▶ _ASSIGNMENT_:
Copy each line of the data that has "click" in it.

▶ _INFORMATION SHOWN_:
== Segment start ==

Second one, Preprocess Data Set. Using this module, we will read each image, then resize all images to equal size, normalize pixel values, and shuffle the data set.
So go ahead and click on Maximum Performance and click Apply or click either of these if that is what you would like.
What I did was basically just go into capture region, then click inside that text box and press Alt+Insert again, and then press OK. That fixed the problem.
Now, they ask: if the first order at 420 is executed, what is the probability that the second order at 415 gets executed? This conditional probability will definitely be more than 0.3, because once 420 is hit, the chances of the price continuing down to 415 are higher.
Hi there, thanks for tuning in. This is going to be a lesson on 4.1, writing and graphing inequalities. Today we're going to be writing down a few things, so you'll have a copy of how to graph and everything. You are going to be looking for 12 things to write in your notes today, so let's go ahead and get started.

== Segment end ==
== Segment start ==

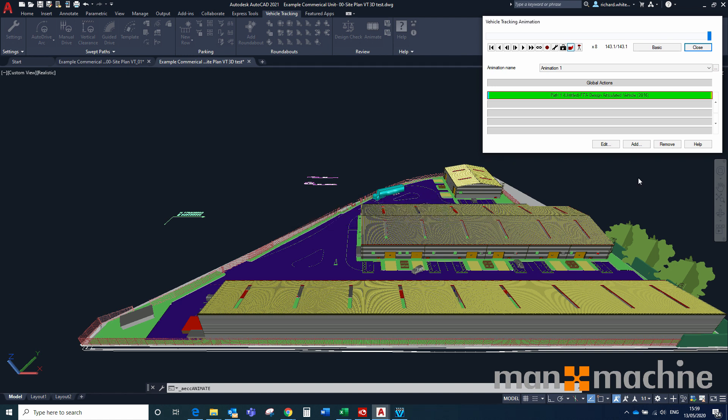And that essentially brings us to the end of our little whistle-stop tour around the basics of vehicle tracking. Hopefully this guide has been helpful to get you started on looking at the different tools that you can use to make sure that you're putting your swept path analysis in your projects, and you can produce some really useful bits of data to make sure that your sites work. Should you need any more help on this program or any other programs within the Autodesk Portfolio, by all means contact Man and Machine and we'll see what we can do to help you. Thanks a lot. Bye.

== Segment end ==
== Segment start ==

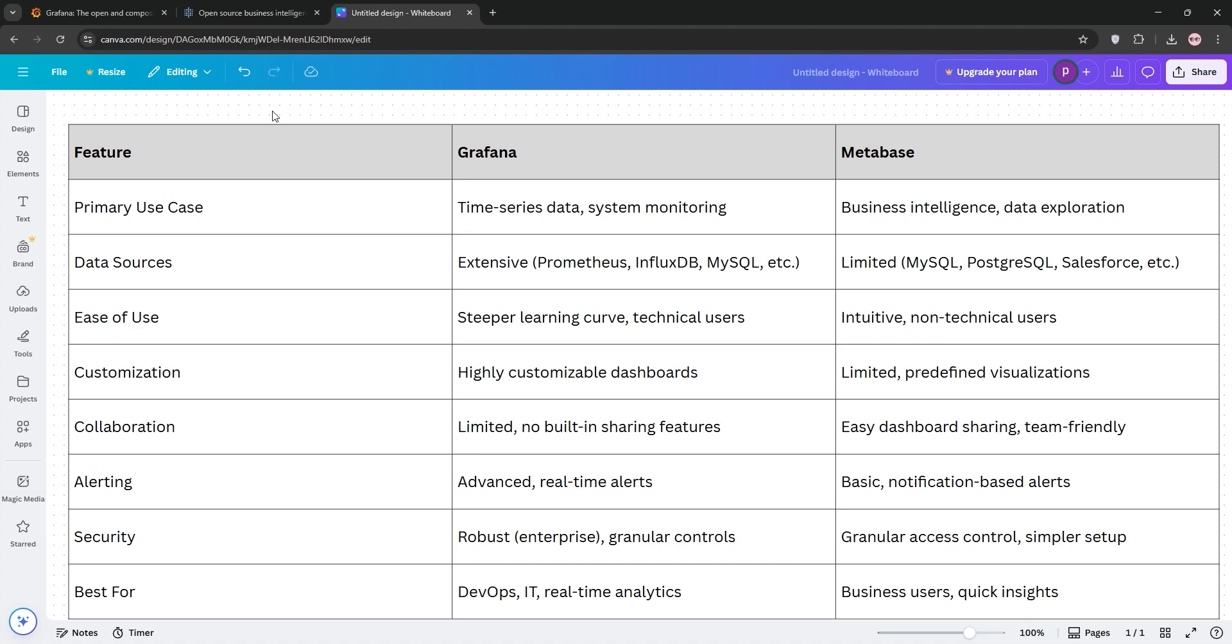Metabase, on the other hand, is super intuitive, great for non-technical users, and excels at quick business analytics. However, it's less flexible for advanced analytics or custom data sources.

== Segment end ==

▶ _WRITTEN REPLY_:
So go ahead and click on Maximum Performance and click Apply or click either of these if that is what you would like.
What I did was basically just go into capture region, then click inside that text box and press Alt+Insert again, and then press OK. That fixed the problem.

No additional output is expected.